● Exercise brief
Word for word, restate the data that follows, omitting the images.

Collection entries:
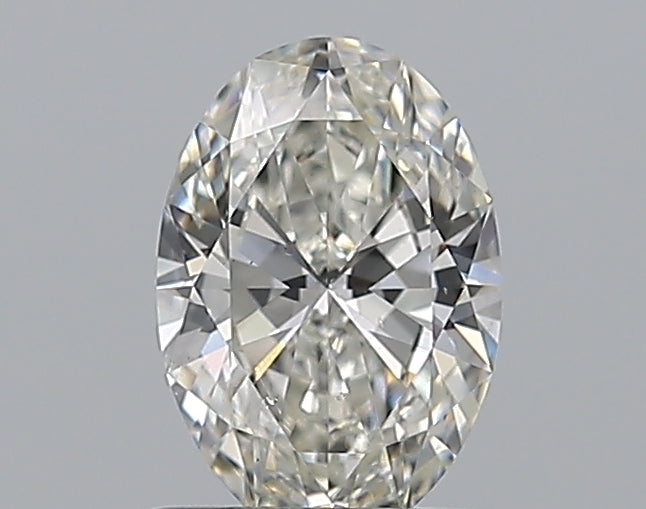 0.80CT OVAL SI1 I WH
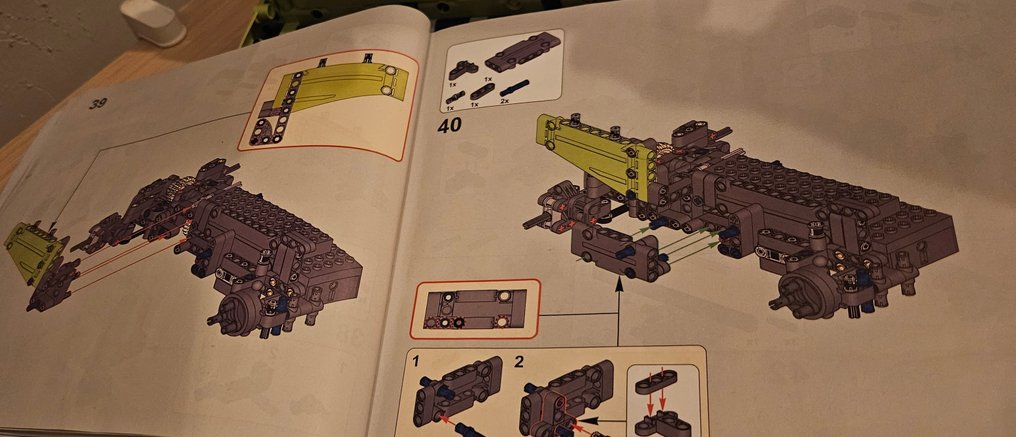 MOULD KING Model 17014 Να μην κλιμακώνεται - Κιτ μοντελισμού  (1347) - Harvester (KLAIRE LEXOR) #3.2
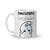 Caneca Cerâmica Flork Profissões Confeiteira É só um Bolinho 325ml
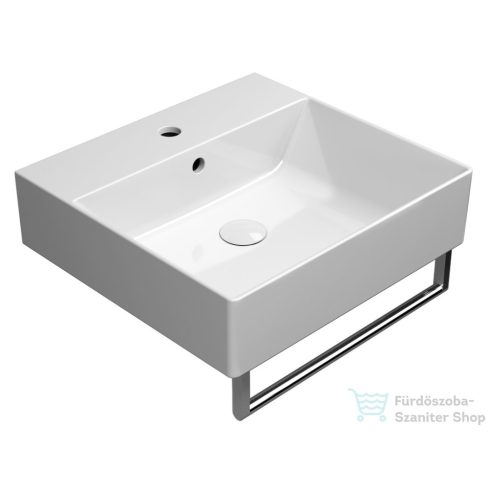 Sapho GSI KUBE X kerámiamosdó, 50x47cm, ExtraGlaze (9430111)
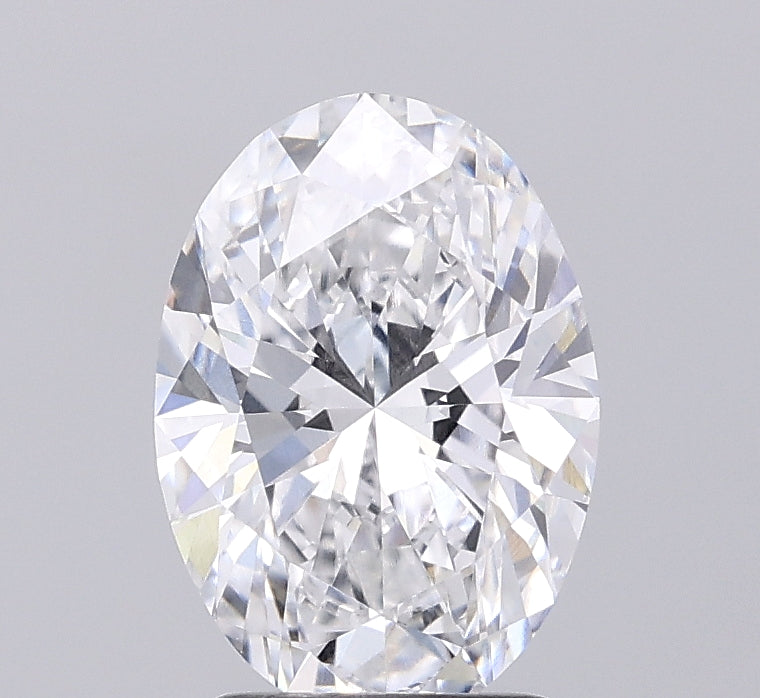 2.03ct Oval Lab-Grown Diamond · D VVS1 · IGI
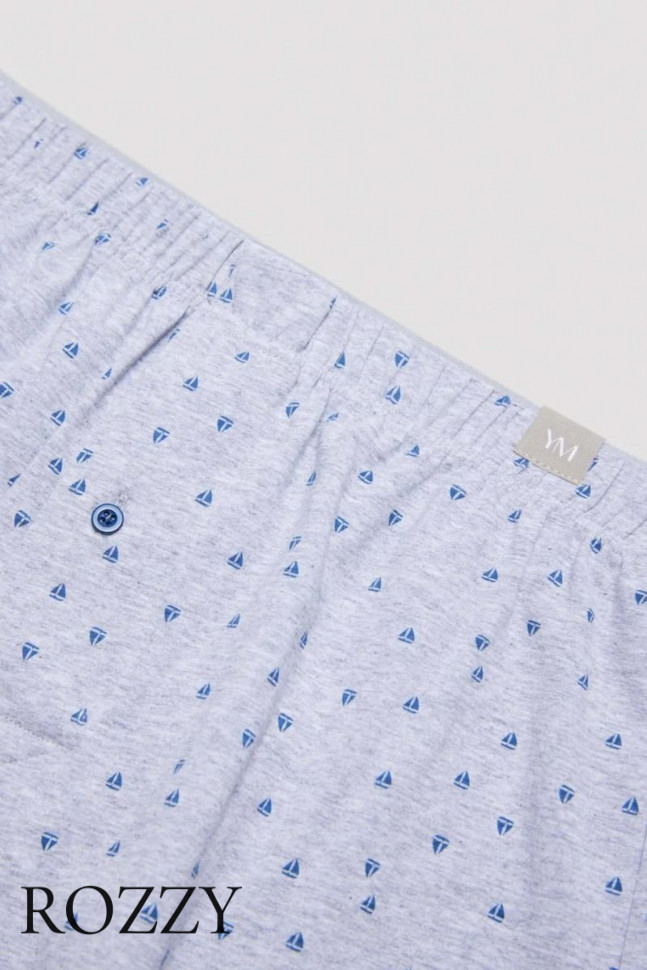 Трусы боксеры мужские Ysabel Mora 20351 серый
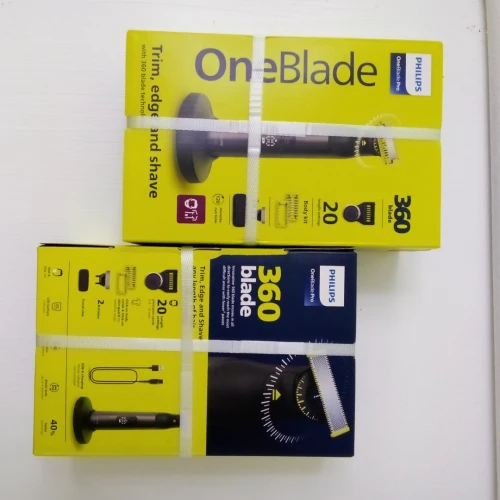 Tondeuse Philips oneblade 360 haute gamme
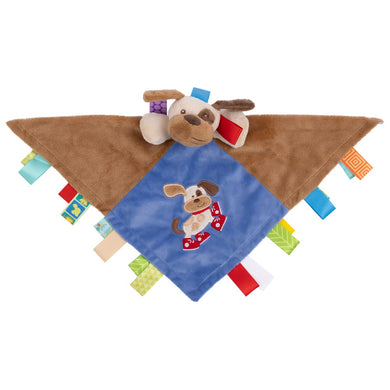 Taggies Buddy Dog Character Blanket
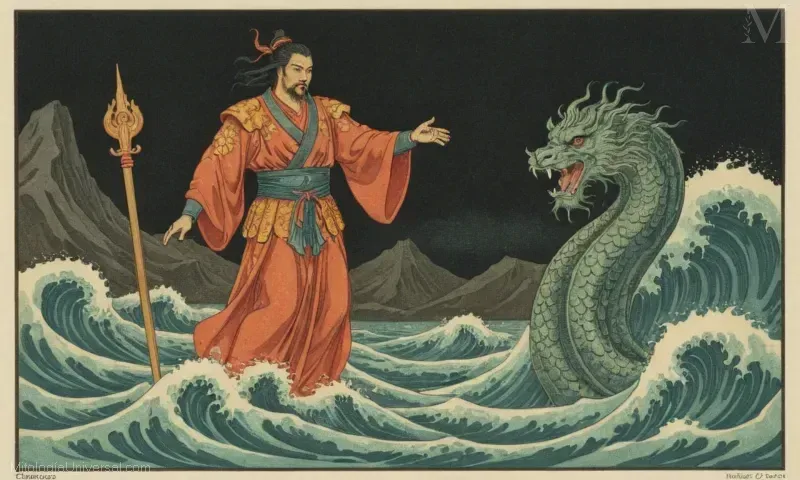 Victorian era ilustración de Susanoo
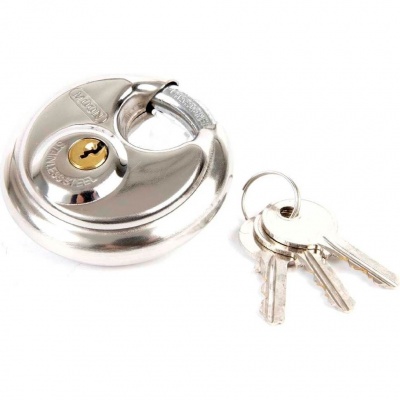 Foto van Discusslot 10x70mm chroom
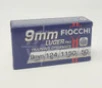 Fiocchi 9mm Luger Ammunition FI9APB 124 Grain Full Metal Jacket 50 Rounds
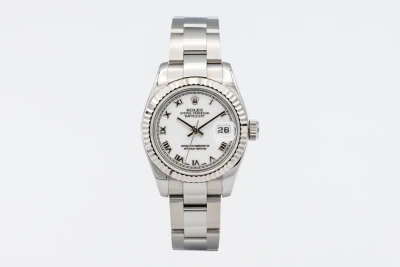 Rolex Lady DateJust 26mm Stainless Steel Oyster 179174 2009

● Written reply
 0.80CT OVAL SI1 I WH
 MOULD KING Model 17014 Να μην κλιμακώνεται - Κιτ μοντελισμού  (1347) - Harvester (KLAIRE LEXOR) #3.2
 Caneca Cerâmica Flork Profissões Confeiteira É só um Bolinho 325ml
 Sapho GSI KUBE X kerámiamosdó, 50x47cm, ExtraGlaze (9430111)
 2.03ct Oval Lab-Grown Diamond · D VVS1 · IGI
 Трусы боксеры мужские Ysabel Mora 20351 серый
 Tondeuse Philips oneblade 360 haute gamme
 Taggies Buddy Dog Character Blanket
 Victorian era ilustración de Susanoo
 Foto van Discusslot 10x70mm chroom
 Fiocchi 9mm Luger Ammunition FI9APB 124 Grain Full Metal Jacket 50 Rounds
 Rolex Lady DateJust 26mm Stainless Steel Oyster 179174 2009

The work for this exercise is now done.